We’re still on our journey back through time, and our destination is to play as “naturally” and intuitively as possible. I’m tempted to call this style of rpg “natural gaming” – because we’d like to rely as little as possible on stats and numbers on the character sheet. One way of achieving this is to roll stats, but to keep only the really good and really bad ones.
Like this character creation example from one of my minimald6 games, a cyberpunk rpg called Futurepunk:
Roll 1d6 for strength, dexterity, health, courage, intelligence, tech
I roll 3,3,4,6,6,1 – I keep 6,6 and 1. So my character has balls of steel, is super intelligent, but abysmally bad with tech. This is exactly what I write on my character sheet.
Next: Personally, I love character classes because they offer quick orientation for players who have never played in a genre before. Old hands can still play with the concept and add wrinkles to it. A win-win.
I like character classes with a bare minimum of details: class, a list of skills, abilities, equipment and secrets to choose from. I roll for my character class and get a Cop. In my game, the character class Cop looks like this:
Cops (2): Big revolver, kevlar vest, shotgun, close-quarters combat and firearms training, authority, shady business on the side.
The (2) indicates that the player may choose two entries from the list. I pick “Authority” and “Shady Business on the side”. What do they mean? Obviously, they’re some kind of special skill and background, but what exactly do they mean? Well, here’s the thing: In my games, I don’t want to define these things. This is natural gaming, and so I want every group to find out what they mean to them, in their world, according to their preferences and their play style.
In my game, “Authority” is the skill to make a huge impression on people, even more so if they’re gullible. In your game, “Authority” might only work within the ranks of an organization. Your game, your call.
What about a quick dice system, something that can be included on one page in a supplement, for instance? My minimald6 system fits that bill perfectly.

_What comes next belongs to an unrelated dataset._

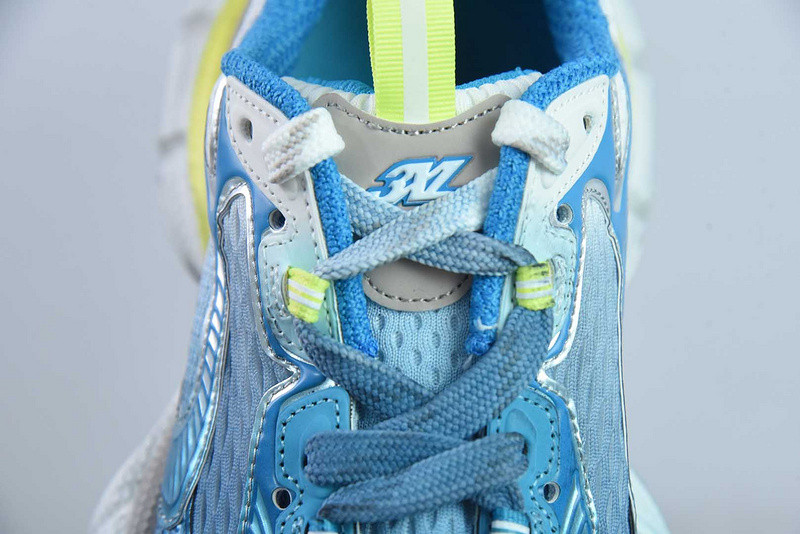 BC 3XL SNEAKER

You roll 2d6, +1d6 if your character has some advantage of some kind, -1d6 if your character has some disadvantage of some kind. You always roll at least 1d6, and 3d6, tops. Every 5 and 6 is a success. That’s it. That’s the system. You can add any house rule, for instance, adding hit points. Or rolling 1d20 with a DC of 1 0 (add +5 to your roll for advantage, subtract 5 from your roll for disadvantage) instead of rolling 2d6. Let the rules find you in play. Adjust, bend, twist, shake and stir them till they fit your style. Natural gaming in a nutshell.